**PROBLEM TO SOLVE**.
The answer is an exact copy of the lines from the one with "190 - Peridot" to the end of the listing below, pictures left out.

<<<<

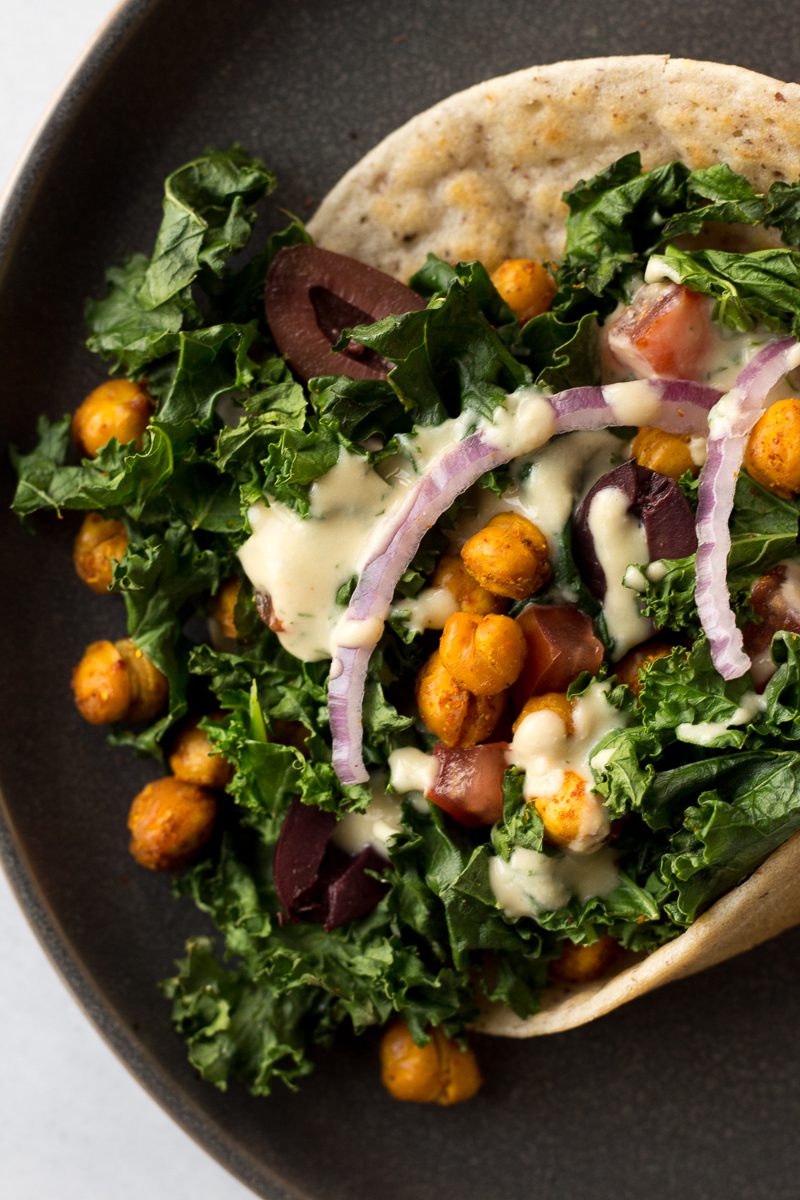 Grain-Free Flatbread Wraps served on plate with baked kale, chickpeas, red onion, and dill hummus sauce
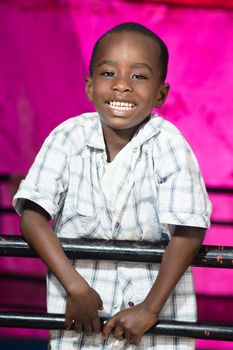 This child behind iron bars shows his joy laughing.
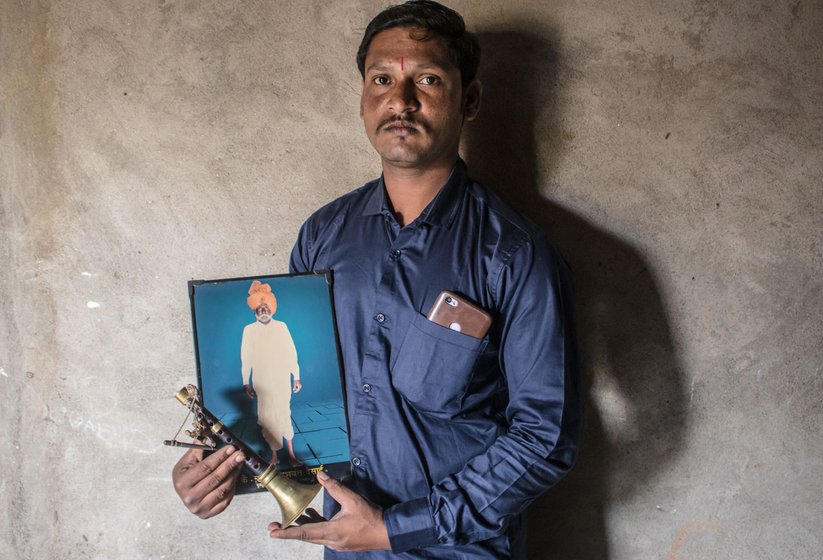 Right: Arjun Javir holding a photo of Maruti Desai, his late grandfather, considered one of the finest shehnai players in Manakapur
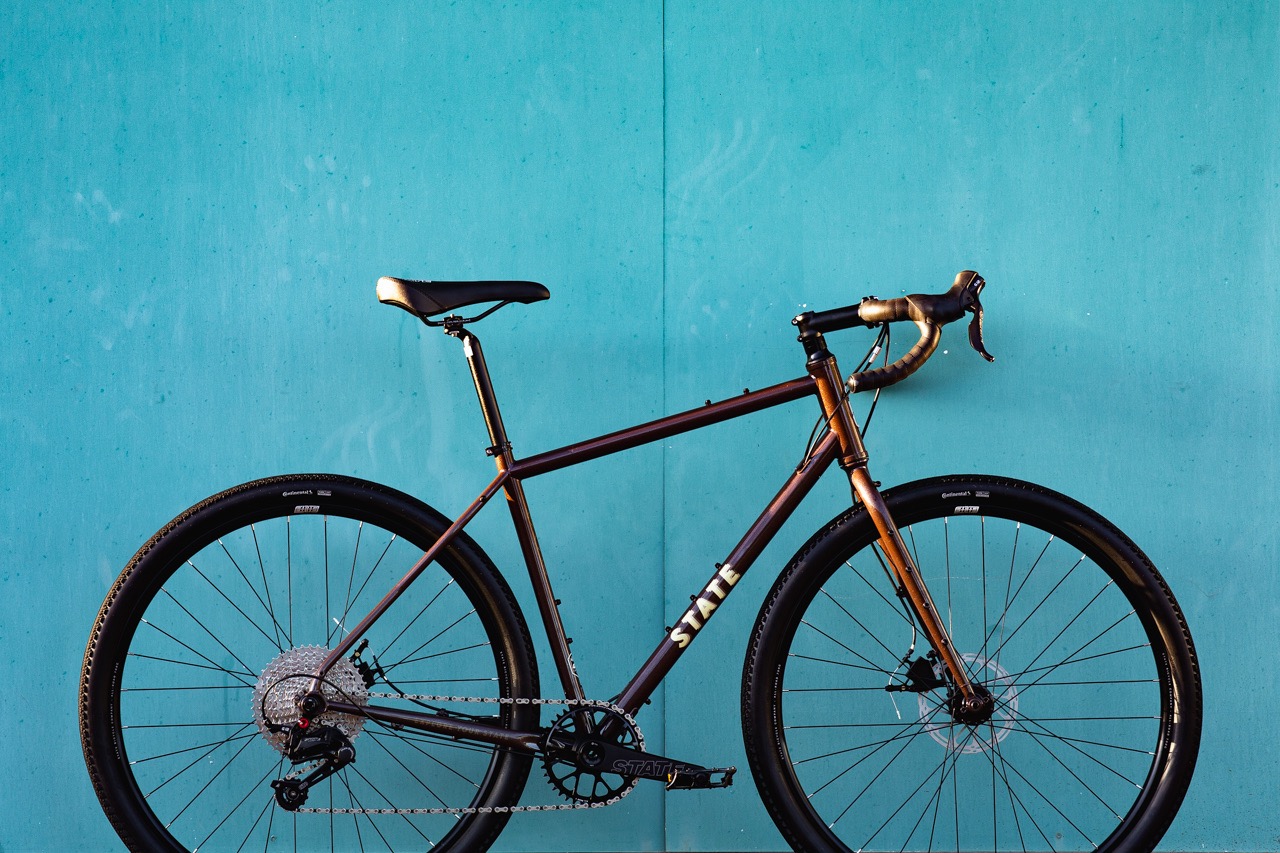 State Bicycles 2026 4130 All-Road lean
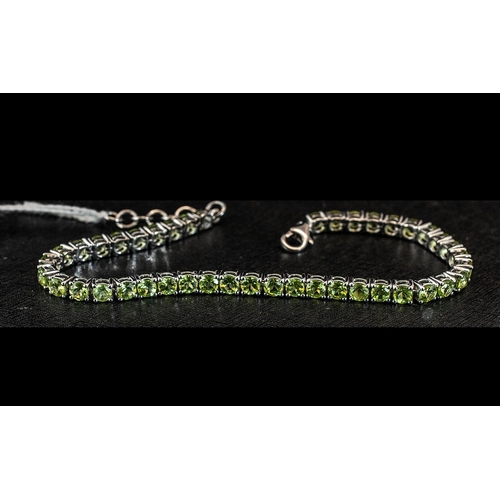 190 - Peridot Tennis Bracelet, round cut, sparkling peridots, totalling 10cts, closely set in a single lin... 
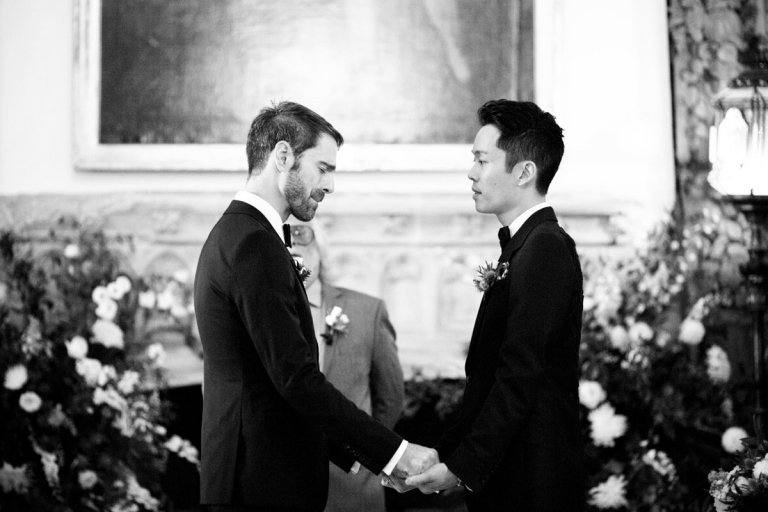 Berkeley Castle Wedding - One groom gets emotional during wedding ceremony while second groom says vows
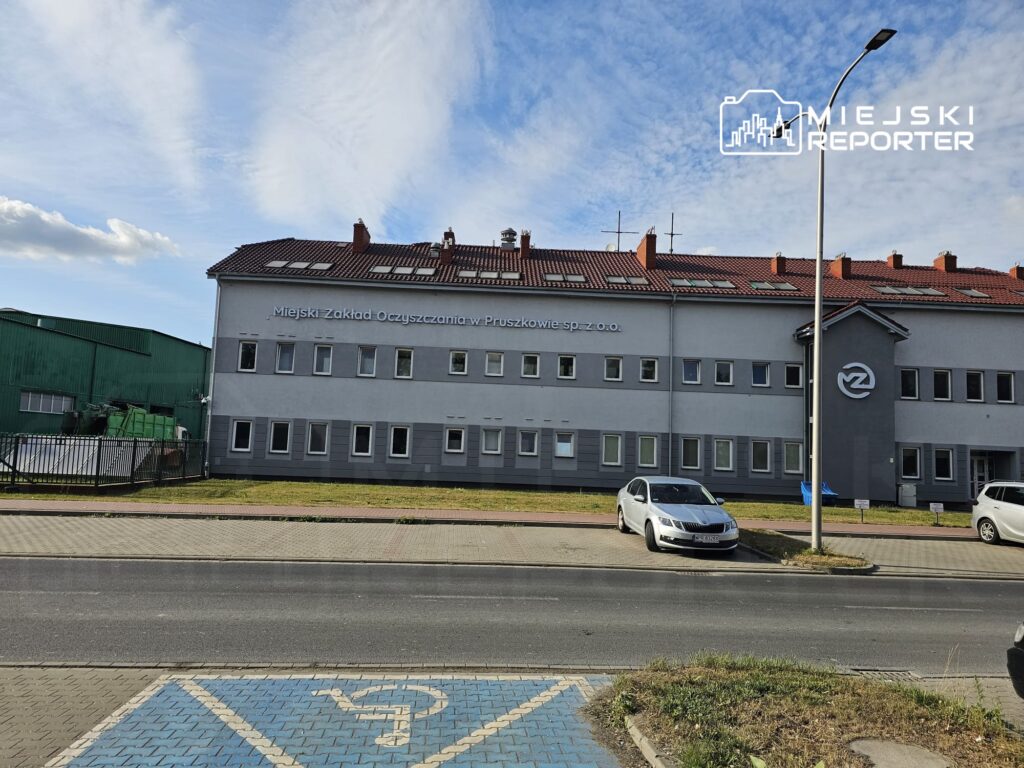 Miejski Zakład Oczyszczania w Pruszkowie, nowoczesny budynek z szaro-białą elewacją, otoczony zielenią i parkingiem.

>>>>

**EXERCISE OUTPUT**.
 190 - Peridot Tennis Bracelet, round cut, sparkling peridots, totalling 10cts, closely set in a single lin... 
 Berkeley Castle Wedding - One groom gets emotional during wedding ceremony while second groom says vows
 Miejski Zakład Oczyszczania w Pruszkowie, nowoczesny budynek z szaro-białą elewacją, otoczony zielenią i parkingiem.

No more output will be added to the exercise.